A favorite son in Texas on power and its uses
TB Monitor profile
A favorite son in Texas on power and its uses
Not surprisingly, William Archer III, MD, the Texas Commissioner of Health and son of the chairman of the powerful House Appropriations Committee, Rep. Bill Archer (R-Texas), says there are both pluses and minuses that go with having a well-connected father.
"There are folks who say you’re here because of your dad, that you don’t know anything about public health. You have to overcome those perceptions," he says. There are privileges, too, but they come with a price, he adds. "I want to be known for my own skills, not because I’m the son of somebody."
Growing up, Archer says he developed what he now sees was a typically American outlook on life. "We Americans base things on knowledge. It’s not that we don’t value relationships," he says. "It’s just that we tend to value knowledge more. It’s what we lead with."
A few years spent volunteering his services as a physician in developing countries was a powerful object lesson in humility, he says. "Here I was, trying to have an impact on communities; but I was finding that knowledge alone didn’t make an impact," he says. "It was relationships that made an impact. Then, the knowledge could begin to flow."
Eventually, Archer came to understand other facets of the Latin culture as well. "In South America, I didn’t have any of the labor-saving machines all of us here take for granted," he says. "Instead, I walked to the market, bought food, cooked, washed the dishes in a little sink that stood in one corner of my room. But it was the weirdest thing: I felt like I had all the time in the world."
Archer has been strongly influenced by the philosophy of financier/philanthropist George Soros, who has written that as a young man he was struck by how some kinds of "knowledge" — people’s best-considered decisions about what stock to buy, for example — not only reflected their version of objective reality, but shaped and altered reality as well.
The same rule applies in social and political settings, the Soros philosophy goes. Too often, Archer says, Americans ignore that verity.
When it comes to the border, Archer evinces a special affection for it, where the two cultures and peoples — the north, with its respect for knowledge, and the south, which cherishes relationships —meet and meld. "The border is really its own place," he says. In south Texas, settlers of European origin have rubbed shoulders with Mexicans as far back as the 1500s, he points out.
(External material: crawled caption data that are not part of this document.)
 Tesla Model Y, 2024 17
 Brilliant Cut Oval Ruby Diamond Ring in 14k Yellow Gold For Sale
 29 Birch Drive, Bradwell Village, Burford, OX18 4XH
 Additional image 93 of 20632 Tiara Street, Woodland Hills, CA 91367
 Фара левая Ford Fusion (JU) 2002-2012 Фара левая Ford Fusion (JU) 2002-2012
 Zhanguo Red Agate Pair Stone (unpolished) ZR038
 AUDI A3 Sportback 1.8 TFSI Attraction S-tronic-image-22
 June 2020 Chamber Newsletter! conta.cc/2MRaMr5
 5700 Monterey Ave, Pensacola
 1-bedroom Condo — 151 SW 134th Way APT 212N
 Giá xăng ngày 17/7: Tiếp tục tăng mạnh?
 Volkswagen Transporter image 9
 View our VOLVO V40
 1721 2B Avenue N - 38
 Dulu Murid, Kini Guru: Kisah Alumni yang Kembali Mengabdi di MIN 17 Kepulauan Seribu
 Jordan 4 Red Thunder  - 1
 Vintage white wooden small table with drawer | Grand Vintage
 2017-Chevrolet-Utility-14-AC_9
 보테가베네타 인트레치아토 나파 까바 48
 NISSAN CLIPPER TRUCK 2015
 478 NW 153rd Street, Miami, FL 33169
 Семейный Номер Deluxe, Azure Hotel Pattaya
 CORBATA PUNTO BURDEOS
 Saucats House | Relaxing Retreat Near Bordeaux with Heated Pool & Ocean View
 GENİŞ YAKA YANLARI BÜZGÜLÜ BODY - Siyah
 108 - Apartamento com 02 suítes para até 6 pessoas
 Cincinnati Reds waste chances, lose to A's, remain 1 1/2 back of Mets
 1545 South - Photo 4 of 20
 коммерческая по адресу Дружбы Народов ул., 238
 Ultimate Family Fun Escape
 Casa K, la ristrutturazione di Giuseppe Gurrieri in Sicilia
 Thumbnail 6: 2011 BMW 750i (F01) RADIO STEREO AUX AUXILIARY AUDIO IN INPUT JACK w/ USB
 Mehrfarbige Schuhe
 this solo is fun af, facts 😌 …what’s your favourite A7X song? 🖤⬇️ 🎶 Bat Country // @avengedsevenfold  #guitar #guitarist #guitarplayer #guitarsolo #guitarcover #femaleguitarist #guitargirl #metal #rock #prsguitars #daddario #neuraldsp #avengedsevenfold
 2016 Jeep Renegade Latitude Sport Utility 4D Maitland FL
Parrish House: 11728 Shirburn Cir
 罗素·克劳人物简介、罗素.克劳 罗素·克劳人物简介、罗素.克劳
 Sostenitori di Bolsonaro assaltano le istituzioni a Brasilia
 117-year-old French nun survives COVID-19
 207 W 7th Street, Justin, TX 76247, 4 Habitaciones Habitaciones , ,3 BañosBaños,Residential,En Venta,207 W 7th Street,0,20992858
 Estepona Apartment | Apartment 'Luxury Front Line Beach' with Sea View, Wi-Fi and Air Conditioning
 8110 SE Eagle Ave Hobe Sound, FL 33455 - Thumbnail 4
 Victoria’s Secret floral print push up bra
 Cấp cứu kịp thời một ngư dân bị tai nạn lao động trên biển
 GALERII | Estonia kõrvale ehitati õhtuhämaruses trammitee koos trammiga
"Families have always lived, worked, shopped, and obtained their health services on both sides of the border," he adds. "It’s really only national laws that prevent it from being a lot more unified than it already is."
Sometimes, Archer says people ask him whether the border is more Mexican or more American in character. "I don’t know," he tells them. "It’s neither — a hybrid," a word some people might use to describe Archer himself.